In a second variant, HDR data can be generated using machine learning models. The ML models can learn complex, non-linear relationships between LDR and HDR data, handle a wide variety of lighting conditions and scenes, recover more detail in highlights and shadows, adapt to different camera sensors and response curves; and/or perform other functionalities. The ML models can be: CNN, DNN, RNN, generative models, and/or any other suitable model type. The inputs to the models can be LDR data, camera settings, HDR data generated using another technique (e.g., algorithmic technique), and/or other inputs. The outputs from the models can be one HDR datum (e.g., image, environment map, etc.) or multiple HDR data (e.g., images, environment maps, etc.). The LDR input modality can be the same or different from the HDR output modality (e.g., LDR images in, HDR environment maps out; LDR environment maps in, HDR images out, etc.). The models can be trained using LDR data paired with HDR data. The model can be trained to predict HDR data given input LDR data. The model can be trained to predict the missing HDR data from LDR inputs. The model can be trained to predict HDR datum (e.g., prefilters, etc.) with different parameters given a seed HDR datum. The parameters can include different exposure, different lighting conditions, different resolution, different scale, and/or any other suitable parameters. However, the model can be otherwise trained.


In a specific example, S150 can include generating an HDR panorama from LDR data (e.g., using inverse tone mapping, etc.), optionally generating secondary HDR panoramas using a machine learning model (e.g., using the HDR panorama), and generating a cube map with multi-resolution level of detail (MIP) levels.


In another specific example, S150 can create diffuse and specular convolution maps.


In variants, the HDR data can be post-processed after generation (e.g., to generate additional HDR data).

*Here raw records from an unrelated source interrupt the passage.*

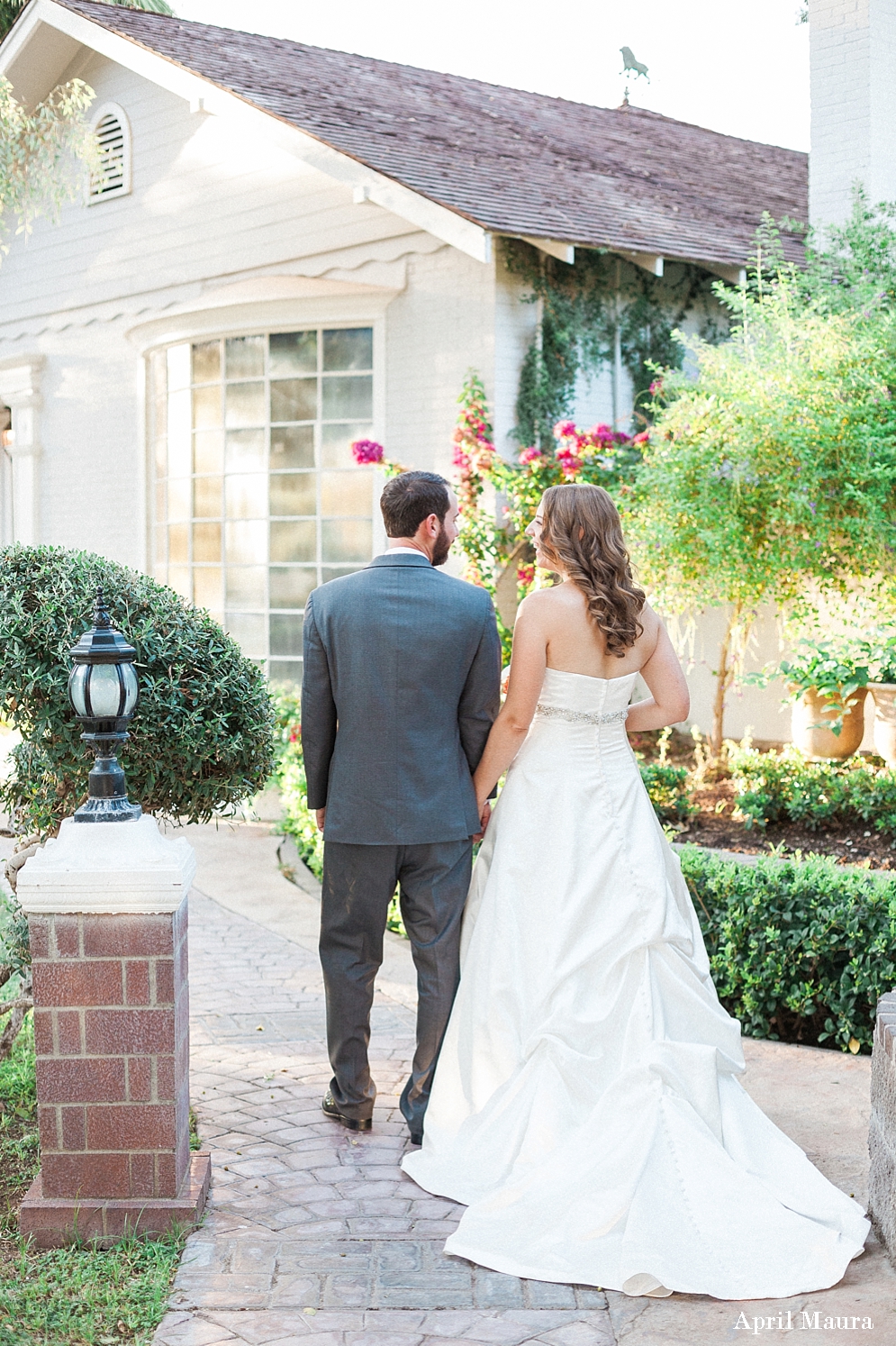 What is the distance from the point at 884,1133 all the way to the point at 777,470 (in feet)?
14.5

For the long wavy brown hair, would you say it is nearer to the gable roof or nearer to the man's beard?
the man's beard

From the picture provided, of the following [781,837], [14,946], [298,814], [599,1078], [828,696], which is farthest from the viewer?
[298,814]

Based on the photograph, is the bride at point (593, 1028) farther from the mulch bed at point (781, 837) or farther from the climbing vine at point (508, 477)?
the climbing vine at point (508, 477)

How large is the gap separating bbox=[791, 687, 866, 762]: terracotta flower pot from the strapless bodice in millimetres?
3551

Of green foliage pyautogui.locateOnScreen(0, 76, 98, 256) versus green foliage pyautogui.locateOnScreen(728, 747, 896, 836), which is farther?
green foliage pyautogui.locateOnScreen(0, 76, 98, 256)

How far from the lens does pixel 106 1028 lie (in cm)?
325

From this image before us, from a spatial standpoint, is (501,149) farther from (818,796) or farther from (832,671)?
(818,796)

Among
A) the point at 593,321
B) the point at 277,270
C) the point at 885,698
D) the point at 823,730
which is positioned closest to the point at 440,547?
the point at 885,698

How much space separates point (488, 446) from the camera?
26.9ft

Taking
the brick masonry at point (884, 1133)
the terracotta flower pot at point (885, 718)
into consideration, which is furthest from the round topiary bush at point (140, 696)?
the terracotta flower pot at point (885, 718)

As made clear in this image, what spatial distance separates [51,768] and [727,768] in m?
4.87

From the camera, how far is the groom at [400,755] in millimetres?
3768

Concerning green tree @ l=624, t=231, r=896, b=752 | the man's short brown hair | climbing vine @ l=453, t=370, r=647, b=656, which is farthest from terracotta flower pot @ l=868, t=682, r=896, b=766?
the man's short brown hair

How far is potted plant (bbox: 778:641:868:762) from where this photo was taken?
6.60 metres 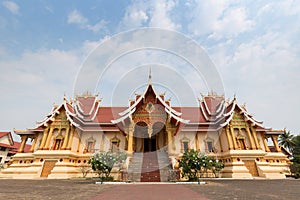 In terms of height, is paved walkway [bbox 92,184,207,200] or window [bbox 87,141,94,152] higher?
window [bbox 87,141,94,152]

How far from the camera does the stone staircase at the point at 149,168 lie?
11922 millimetres

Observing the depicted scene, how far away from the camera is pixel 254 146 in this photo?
16.7 m

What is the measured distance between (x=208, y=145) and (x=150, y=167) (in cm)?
765

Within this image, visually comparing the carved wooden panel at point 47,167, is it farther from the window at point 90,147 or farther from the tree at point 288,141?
the tree at point 288,141

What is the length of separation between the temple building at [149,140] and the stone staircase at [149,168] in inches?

In a first variant, post-processing the HDR data can include subsampling the HDR data to generate lower resolution HDR data. In a specific example, S150 can generate different HDR environment maps representing light maps at different resolutions, representing various levels of convolution, and/or representing other information, wherein the different HDR environment maps can be dynamically selected for real-time use (e.g., to quickly simulate realistic lighting on mobile in real- or near-real time).


In a second variant, the HDR data can be adjusted based on the capture context. Each capture context can be associated with a predetermined set of filters, weights, thresholds, shaders, and/or other adjustments. Adjusting the HDR data can include: dynamically scaling HDR range based on lighting conditions (e.g., using a wider range for outdoor scenes with bright sunlight and using a narrower range for indoor scenes with artificial lighting), correcting color contamination issues (e.g., desaturating blue sky values in indoor scenes), adjusting highlight clipping to better represent sky brightness (e.g., in outdoor scenes with natural lighting), compensating for exposure and white balance, and/or adjusting light intensity multipliers for different environment types.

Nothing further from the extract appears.